We’re not writing a list of pros and cons here at a middle school slumber party. As pointed out on eHarmony, making excuses for a partner or anything questionably negative in the relationship is a definite sign you’re in something you probably shouldn’t be in. And things like “yeah, but he’s so great with kids” or “she has such and such degree” or “they’re amazing and I’d be crazy not to be with them” shouldn’t be the sole basis of being in that relationship.
2. The Little Things Bother You… Too Much
It’s OK to get a little irked by people’s quirks and bad habits, especially when you’ve gotten to know someone well and you’ve become comfortable with each other and those walls have come down. That’s great. But when it gets to a point of resentment, over some of the smallest things, that’s another glaring sign you probably shouldn’t be with this person. Relationship expert Andrew G. Marshall told the Daily Mail that most of us assume the big issues are what drive a couple apart, when sometimes it really is those minor irritations that add up. Because if the fact that they don’t squeeze the toothpaste tube correctly after using it is something that ruins your day and makes your skin crawl, you may be projecting a bigger issue at hand.
3. You’re Constantly Comparing
You always seem to size up your relationship against other couples, and usually, it’s not a very healthy comparison. Maybe you just can’t help but notice how much happier others seem together, you’re envious of all the cool things they’re doing together, or they’re just so compatible. If you were with someone you truly wanted to be with and cared about, these things wouldn’t matter. Or at least, you wouldn’t be noticing them on such a grand scale. It would be more of an observation rather than a comparison. According to Psychology Today, frequently comparing your partner unfavorably to other people , especially friends’ partners or spouses, is a sure sign of an unhealthy relationship.
No relationship is perfect, and of course it’s normal to steal a glance at Beyonce and Jay Z and question what you’re even doing with your life. But tune in to when these sideways glances are actually just a search for a way out.
4. You Find Yourself Saying “Well At Least It’s Not…”
As pointed out on Her Campus, if you find that you’re trying to convince yourself that you don’t have it that bad , then you probably don’t have it that great, either. Relationships are tricky, there’s no denying that. But why would you need to think of situations in which you’d be worse off if you were already happy?

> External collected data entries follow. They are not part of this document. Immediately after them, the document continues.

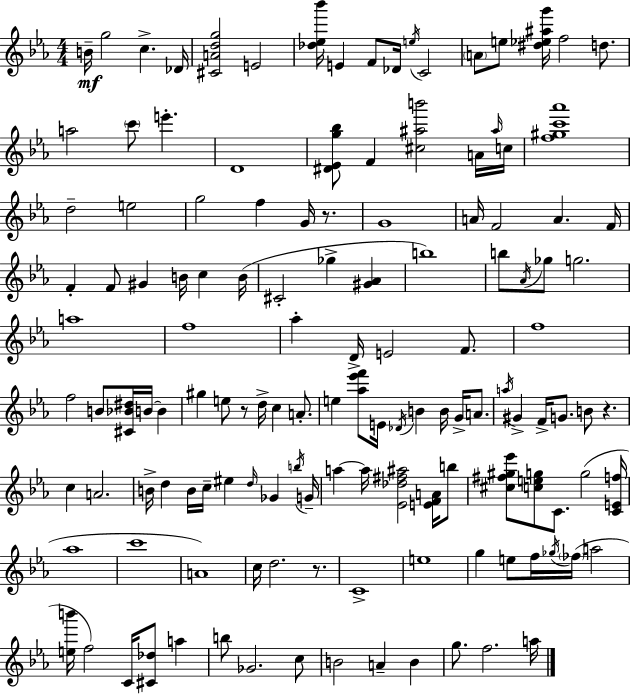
X:1
T:Untitled
M:4/4
L:1/4
K:Cm
B/4 g2 c _D/4 [^CAdg]2 E2 [_d_e_b']/4 E F/2 _D/4 e/4 C2 A/2 e/2 [^d_e^ag']/4 f2 d/2 a2 c'/2 e' D4 [^D_Eg_b]/2 F [^c^ab']2 A/4 ^a/4 c/4 [f^gc'_a']4 d2 e2 g2 f G/4 z/2 G4 A/4 F2 A F/4 F F/2 ^G B/4 c B/4 ^C2 _g [^G_A] b4 b/2 _A/4 _g/2 g2 a4 f4 _a D/4 E2 F/2 f4 f2 B/2 [^C_B^d]/4 B/4 B ^g e/2 z/2 d/4 c A/2 e [_a_e'f']/2 E/4 _D/4 B B/4 G/4 A/2 a/4 ^G F/4 G/2 B/2 z c A2 B/4 d B/4 c/4 ^e d/4 _G b/4 G/4 a a/4 [_E_d^f^a]2 [EFA]/4 b/2 [^c^f^g_e']/2 [ceg]/2 C/2 g2 [CEf]/4 _a4 c'4 A4 c/4 d2 z/2 C4 e4 g e/2 f/4 _g/4 _f/4 a2 [eb']/4 f2 C/4 [^C_d]/2 a b/2 _G2 c/2 B2 A B g/2 f2 a/4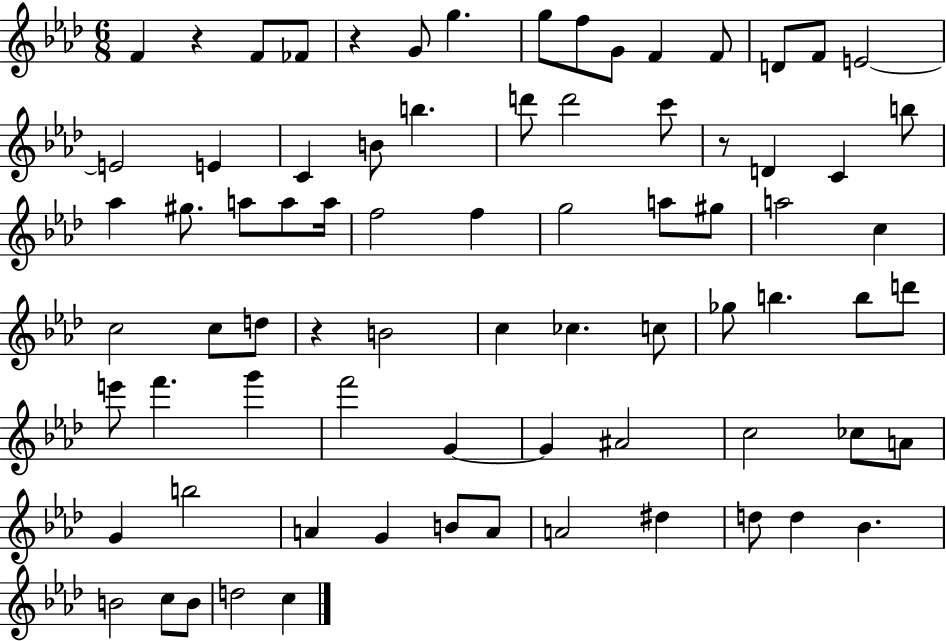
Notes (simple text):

F4/q R/q F4/e FES4/e R/q G4/e G5/q. G5/e F5/e G4/e F4/q F4/e D4/e F4/e E4/h E4/h E4/q C4/q B4/e B5/q. D6/e D6/h C6/e R/e D4/q C4/q B5/e Ab5/q G#5/e. A5/e A5/e A5/s F5/h F5/q G5/h A5/e G#5/e A5/h C5/q C5/h C5/e D5/e R/q B4/h C5/q CES5/q. C5/e Gb5/e B5/q. B5/e D6/e E6/e F6/q. G6/q F6/h G4/q G4/q A#4/h C5/h CES5/e A4/e G4/q B5/h A4/q G4/q B4/e A4/e A4/h D#5/q D5/e D5/q Bb4/q. B4/h C5/e B4/e D5/h C5/q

5. You Keep Thinking Your Partner Will Change
If you’re viewing any stage of your relationship as a temporary thing that “should get better eventually,” there’s another indicator that you’ve settled yourself into some unhappiness. Because overall, you should like your partner just the way they are right now. Fast forwarding to some future, “better” version of who you want them to be doesn’t exactly sound like a genuine, or healthy thing for that matter. According to YourTango expert Renee Jain, the problem with dating someone because of their potential is that you’re not getting to know who they really are. Jain and fellow YourTango experts stressed the fact that while it’s normal for people in a relationship to grow, they have to do it on their own.